On trace for the forward, we set _include_te_fp8_autocast on the trace object which is then used to wrap the python representation of the trace with fp8_autocast (this is required for the TELinear to actually do the computation in FP8).

lightning-thunder/thunder/core/trace.py

Lines 380 to 390 in a59b4ef

    
           # NOTE: For TransformerEngine executor, we want to wrap the generated 
        
           # forward function in fp8_autocast ctx manager. 
        
           # In the future, if other executor has similar requirements, we should 
        
           # add a new extension point for executors 
        
           # NOTE: For TE v1.6 onwards, `fp8_autocast` checks if `torch.is_grad_enabled` for updating 
        
           # the FP8 scales/inverses. So this decorator should be applied before `torch.no_grad` (so that 
        
           # it is in grad enabled part). 
        
           from thunder.executors.transformer_engineex import _is_te_linear_enabled, _get_te_wrapper_string 
        
           if self._include_te_fp8_autocast and _is_te_linear_enabled(import_ctx, object_ctx): 
        
               program.append(_get_te_wrapper_string())

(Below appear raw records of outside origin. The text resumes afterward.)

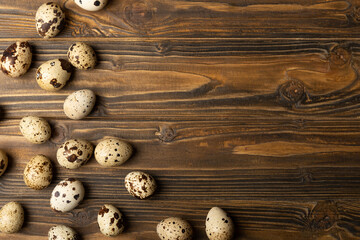 Fresh quail eggs on a brown wooden table. Raw quail eggs close up. Healthy food. The concept of preparation for cooking. Place for text. Place to copy.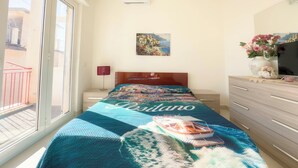 A bedroom with a bed, a nightstand, a lamp, a dresser, a TV, a painting, and a window with a balcony. - Sorrento Coast - Casa Raffaella : spacious panoramic penthouse (Meta)
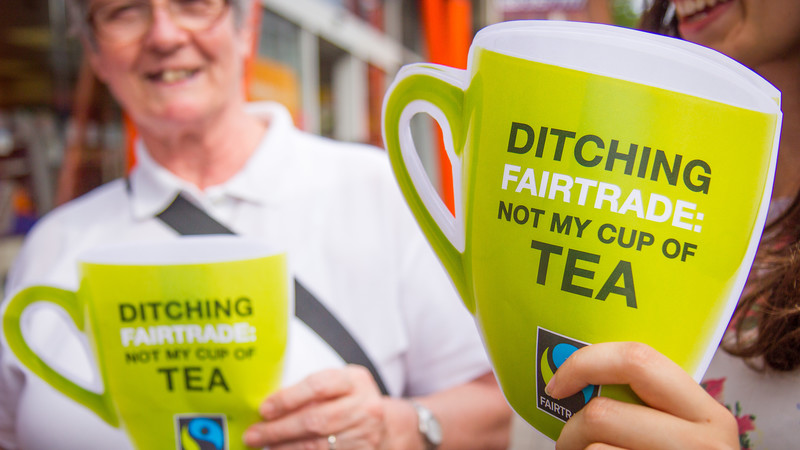 CAFOD campaigners protesting against Sainsbury's decision to drop Fairtrade from certain of its own-brand teas.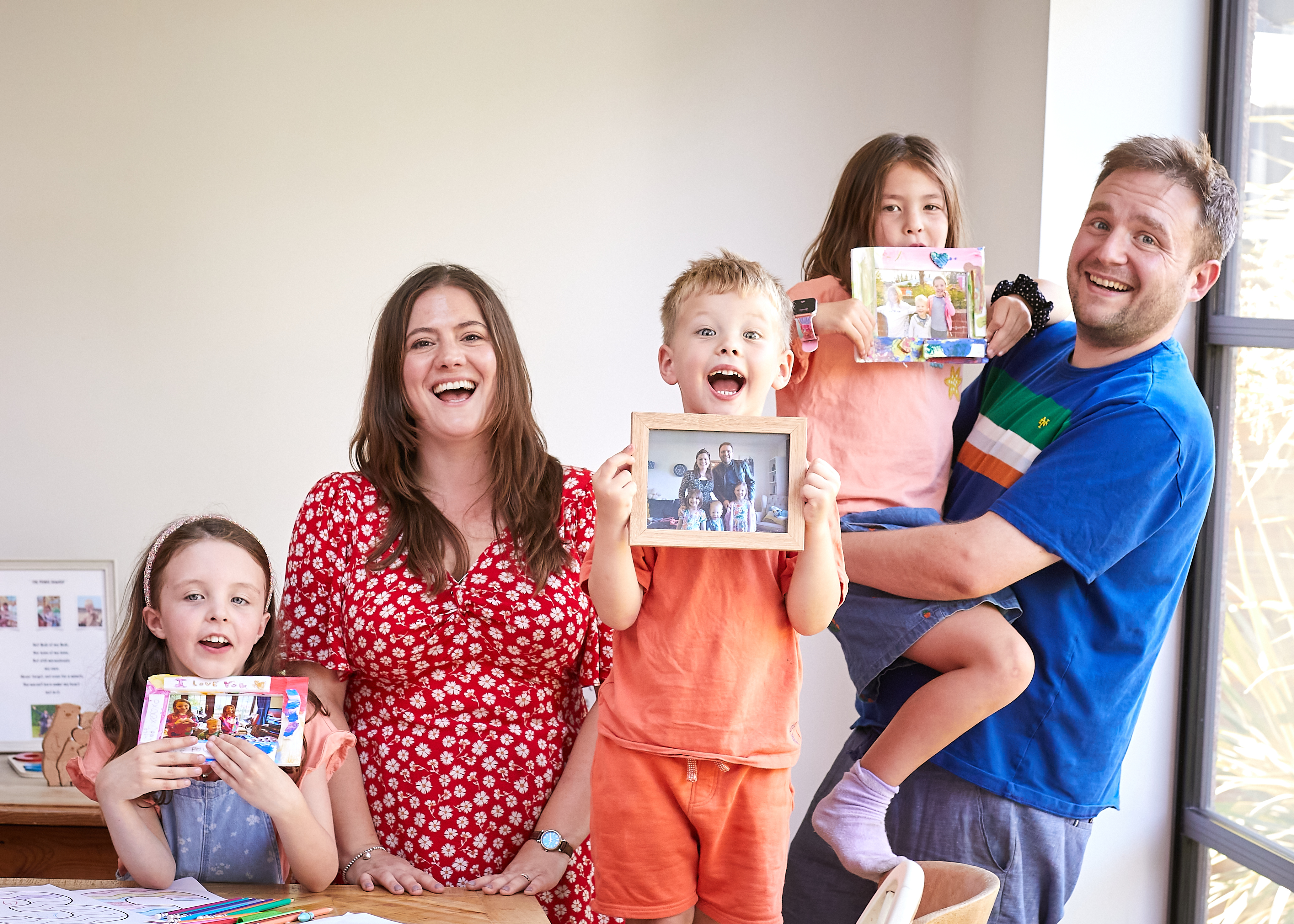 Ed and Annabel with their three children, who they adopted together as a sibling group.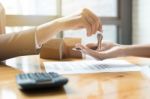 Estate Agent Giving House Keys To Man And Sign Agreement In Offi Stock Photo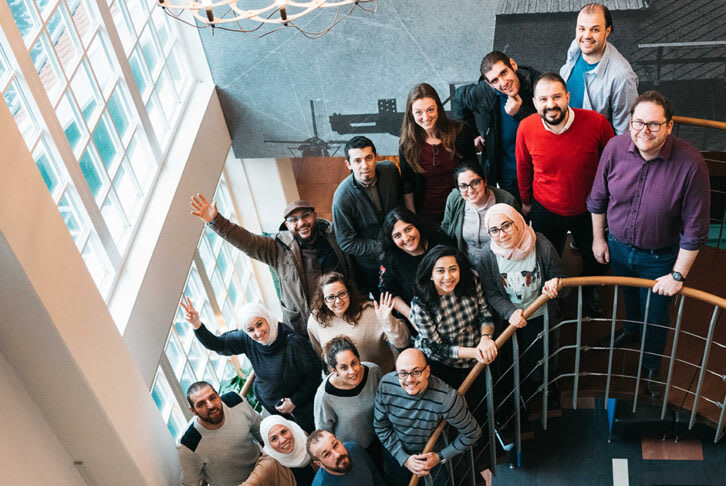 Aswat Faeela group standing in the stairwell following a meeting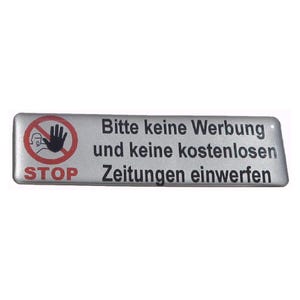 Könnte beinhalten: Ein silbernes Schild mit schwarzem Text, der "Bitte keine Werbung und keine kostenlosen Zeitungen einwerfen." lautet. Das Schild hat auch einen roten Kreis mit einem diagonalen Strich durch ihn und eine Hand mit ausgestrecktem Zeigefinger und Daumen. Der Text "STOP" befindet sich unter dem Kreis.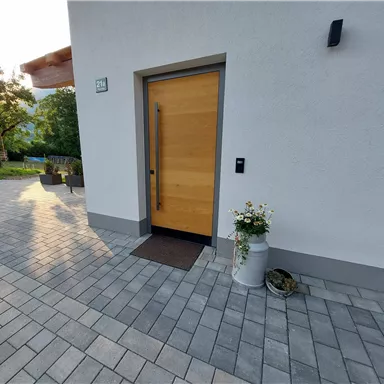 Eine moderne Eingangstür aus Holz mit einem matten Fußabtreter. Neben der Tür steht ein Blumentopf mit weißen Blumen.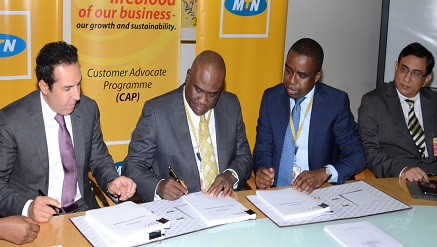 (L-r): Issam Darwish, group CEO, IHS Holding Limited, Michael Ikpoki, chief executive officer, MTN Nigeria, Akinwale Goodluck, corporate services executive, MTN Nigeria, and Rajiv Jaitly CEO, IHS Nigeria, during the MOU signing ceremony between MTN Nigeria and IHS Holding Limited over the outsourcing of MTN Nigeria's mobile network towers.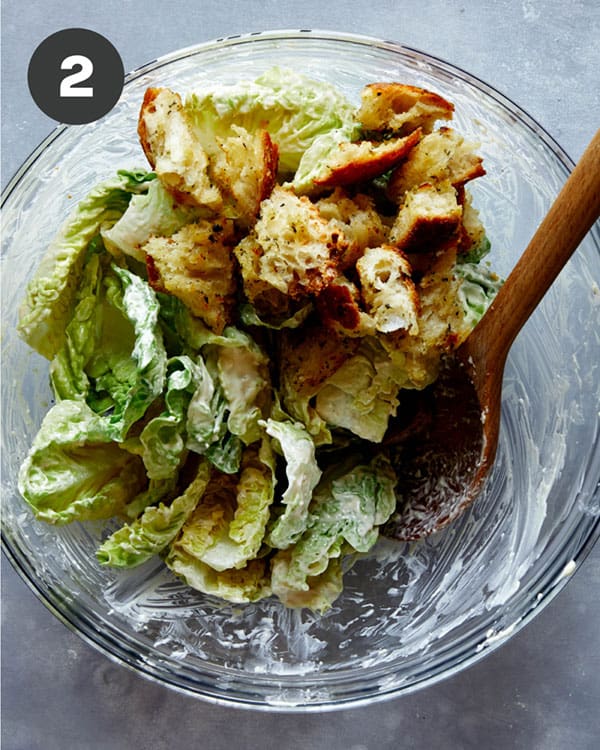 Caesar salad ingredients with homemade croutons on top.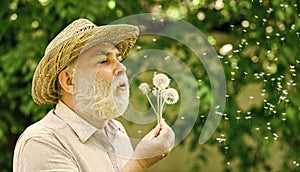 Lonely grandpa blowing dandelion seeds in park. Mental health. Peace of mind. Peacefulness. Tranquility and serenity photo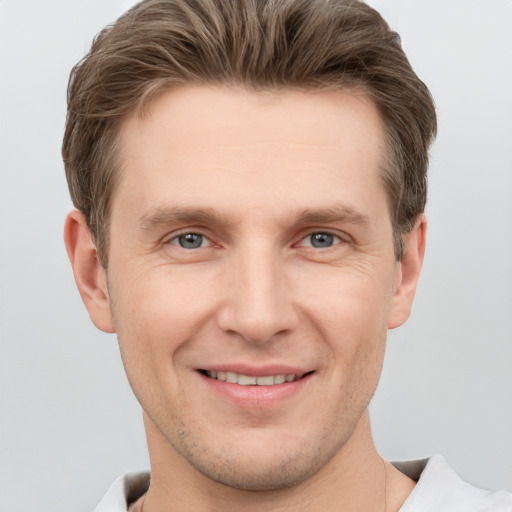 Joyful white young-adult male with short  brown hair and grey eyes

lightning-thunder/thunder/executors/torch_autograd.py

Lines 303 to 306 in a59b4ef

    
           # Enable wrapping with `te.fp8_autocast`. 
        
           fw_extrace._include_te_fp8_autocast = True 
        
           # We only want the forward function to be called with `te.fp8_autocast` manager. 
        
           bw_extrace._include_te_fp8_autocast = False

However, from_trace doesn't propagate this metadata. So, if we have an additional transform in post optimisation, which uses from_trace, it will not set this. So we will have TELinear without a fp8_autocast.

Solution -
Update from_trace to propagate this metadata.

Test -
Tested locally with newly added test. TE tests don't run on CI. However, we do run it on nightlies.

NOTE - TE Linear is only enabled for training run (i.e. when inputs have requires_grad=True).

Thanks @mattteochen for pointing that he had seen the same error when fp8_autocast was missing.

t-vi

Thank you @kshitij12345

t-vi · 2024-08-23T15:29:10Z

thunder/core/trace.py

@@ -482,6 +482,8 @@ def from_trace(trace: TraceCtx) -> TraceCtx:
    t.name_ctr = trace.name_ctr
    t.obj_name_ctr = trace.obj_name_ctr
    t.names = trace.names
+    # This is a detail for enabling transformer_engine's autocast manager.
+    t._include_te_fp8_autocast = trace._include_te_fp8_autocast


Makes me wonder whether this could / should be a compile data information ("option") rather than on the trace?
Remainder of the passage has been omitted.